Goodyear Tire & Rubber Co. said it was experimenting with what it calls Air Maintenance Technology, which will enable tires to remain inflated at the optimum pressure without the need for external pumps or electronics. All components of the AMT system, including a miniaturized pump, will be fully contained within the tire.

The company said Thursday that it had a $1.5 million grant from the Department of Energy to launch a demonstration of the system in commercial truck tires.

The government of Luxembourg is paying for the company to conduct similar research for consumer tires at Goodyear’s Innovation Center in Colmar-Berg, Luxembourg.
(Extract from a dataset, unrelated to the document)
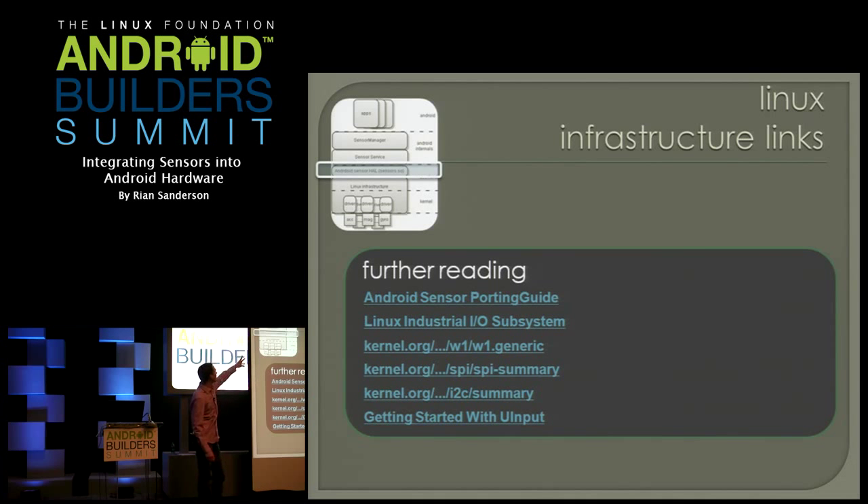Some more stuff to read about Linux infrastructure: IIO is definitely the direction things are moving. The latest InvenSense drivers are all IIO, the latest ST drivers are all IIO. There are also lots of input event drivers still out there, plus some more reading on the lower sensor device standards as well.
“While the technology is complex, the idea behind the AMT system is relatively simple and powered by the tire itself as it rolls down the road,” said Jean-Claude Kihn, Goodyear senior vice president and chief technical officer.

“A tire that can maintain its own inflation is something drivers have wanted for many years. Goodyear has taken on this challenge and the progress we have made is very encouraging,” Kihn said. “This will become the kind of technological breakthrough that people will wonder how they ever lived without.”

Properly inflated tires increase fuel economy and reduce emissions. Goodyear said underinflated tires result in a 2.5 percent to 3.3 percent decrease in fuel efficiency. That adds up to about 10 cents a gallon or $1 to $2 per fill-up, depending on the vehicle.